FOR 54 years, farmer Yan Shunyi did not know the first thing about Western musical instruments, but now he is a saxophone player.

Yan lives in Langzitou, an impoverished village in northern China’s Hebei Province. He started learning to play the saxophone in March as part of a local government’s poverty reduction program.

After learning for several months, he is now able to play over 20 pieces of sheet music.

“In the past I knew nothing but farming, but now I can not only play the saxophone but also assemble instruments,” Yan says.

Wuqiang County where Langzitou is located is a major production base for orchestral instruments in China, with more than 50 instrument-manufacturing plants, employing 20,000 workers.

As China aims to lift its poor people out of poverty by 2020, Wuqiang, a state-level impoverished county with nearly 10,000 people living in poverty, has offered support through saxophone lessons and instrument assembly training.

The project started in March and has seen 1,000 people in poverty from 94 villages trained free of charge.

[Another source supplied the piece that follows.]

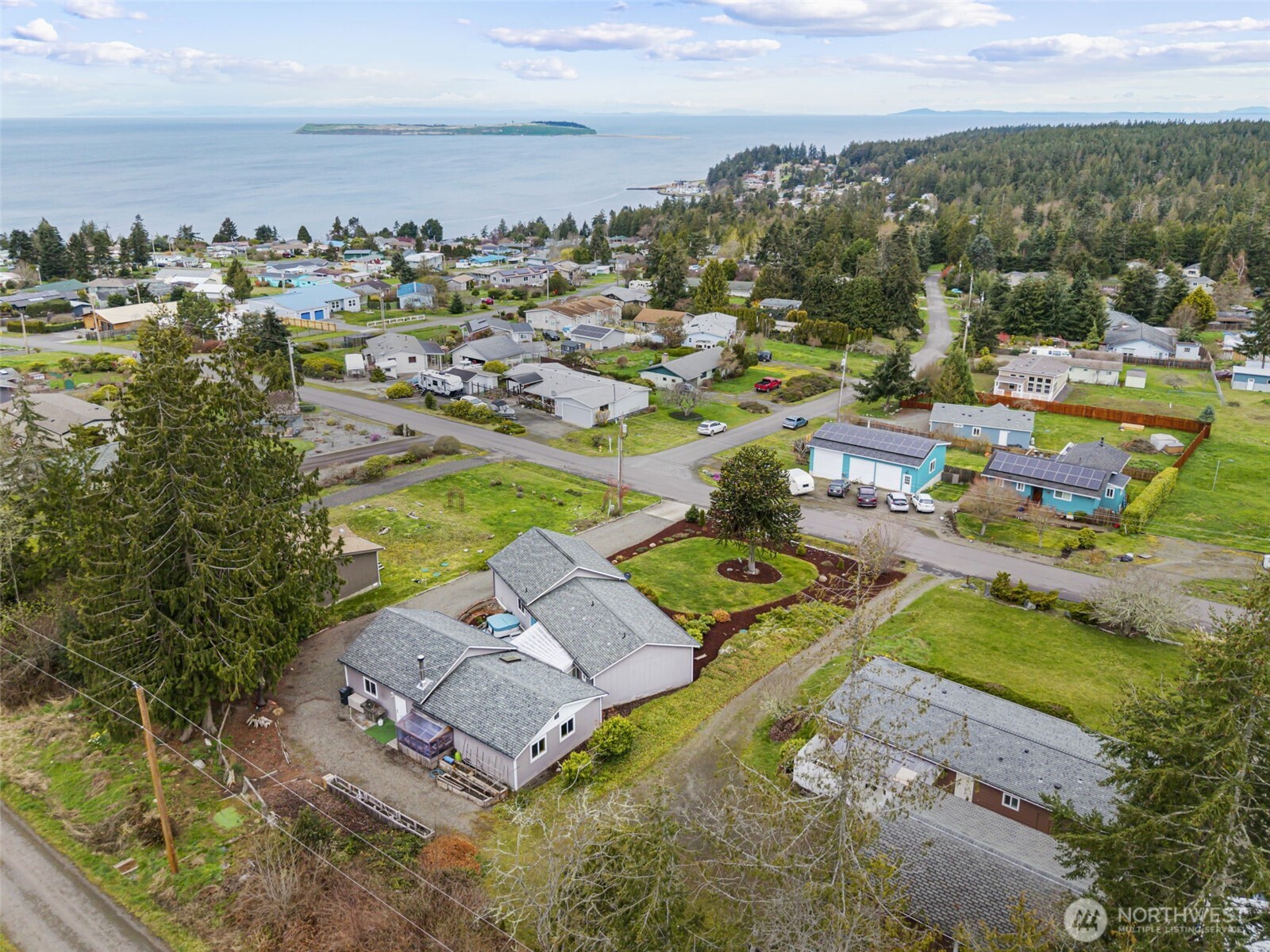 121 Ridge Drive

Jinyin Group, a leading instrument company, is in charge of the project.

Zhang Huanying, from Jinyin Group, has taught over 20 people in Houjiatun Village to play “Happy Birthday.”

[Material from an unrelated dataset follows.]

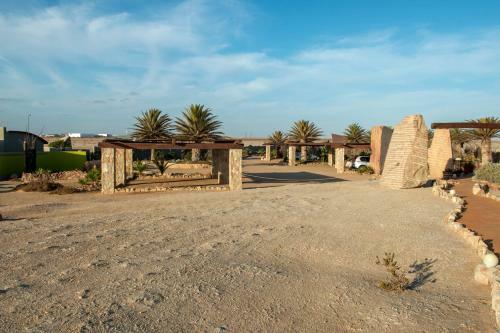 Desert Breeze Lodge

“You are in a whole group while playing, so you must pace yourselves carefully,” Zhang says to his students.

Villagers have the chance to perform at tourist resorts, wedding ceremonies and company parties to “enrich their cultural and material life,” he says.

The instruments, offered by the company free of charge, are specially designed for the entry-level villagers, Zhang says.

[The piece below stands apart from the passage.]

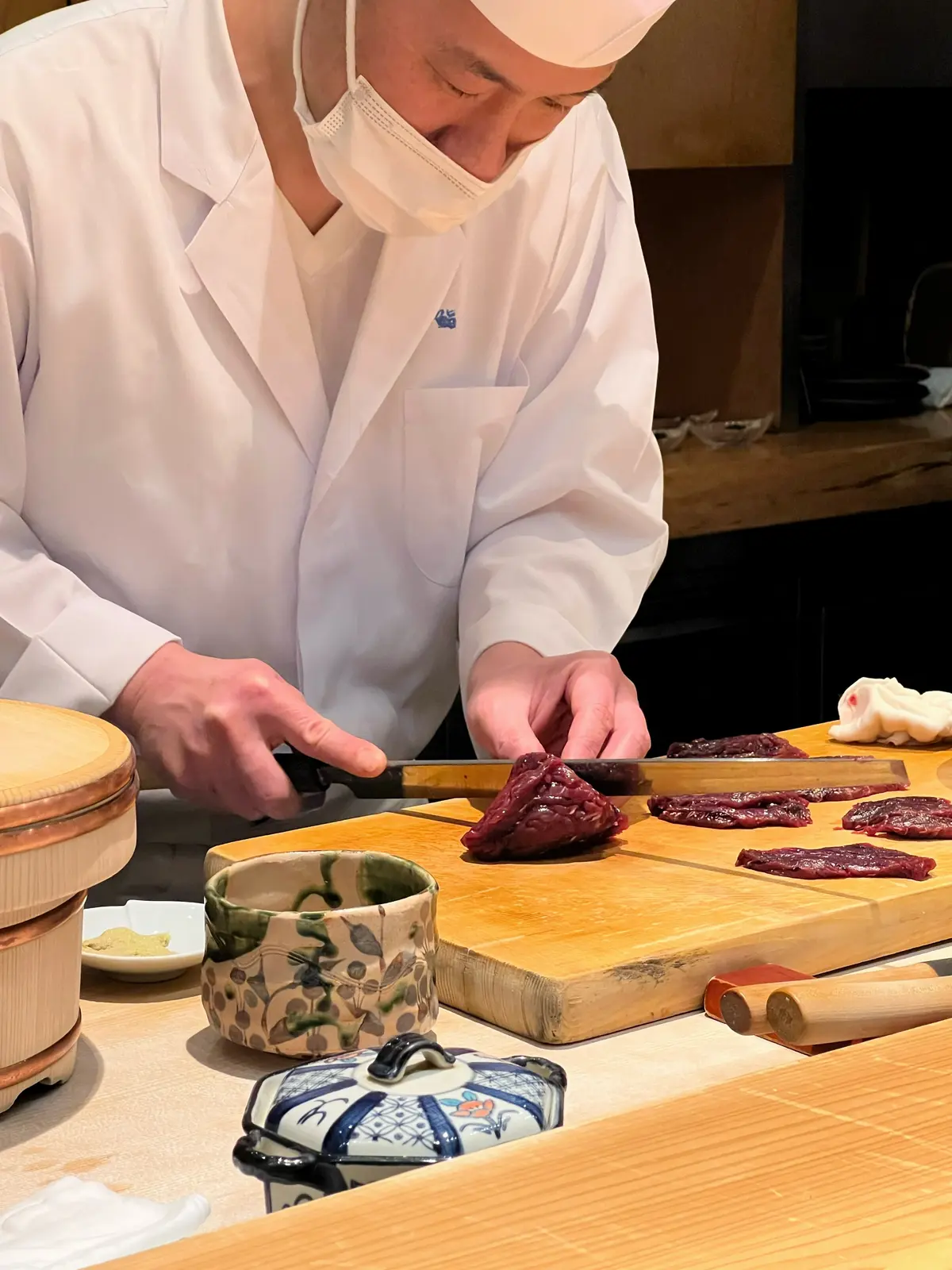 華やかブラウスで六本木 鮨名店への画像_2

Poor families also receive training on instrument assembly.

Established in 1989, Jinyin Group produces more than 900,000 instruments, such as guitars, violins, clarinets and saxophones, for sale in more than 80 countries and regions.

Labor shortage

“The trained villagers will help our group relieve the labor shortage, and they are able to expand their ways to make money,” says Ji Mancang, who is in charge of the poverty reduction training program at the group.

According to Ji, each villager earns 50 yuan (US$7) to 100 yuan each performance, and the instrument assembly brings each family around 1,500 yuan per month.

Last year Wuqiang, in cooperation with the China Musical Instrument Association, initiated a 1.15 billion yuan project for national music education across the county.

Supported by the Ministry of Finance and the National Development and Reform Commission, the project will make the county a center for instrument purchases from Chinese schools, as well as a platform for music education.

“We are trying to make music a tourism brand here, so I hope tourists can meet saxophone players whenever they visit any of Wuqiang’s 238 villages in the future,” he says. “That’s why we intend to teach as many villagers as we can.”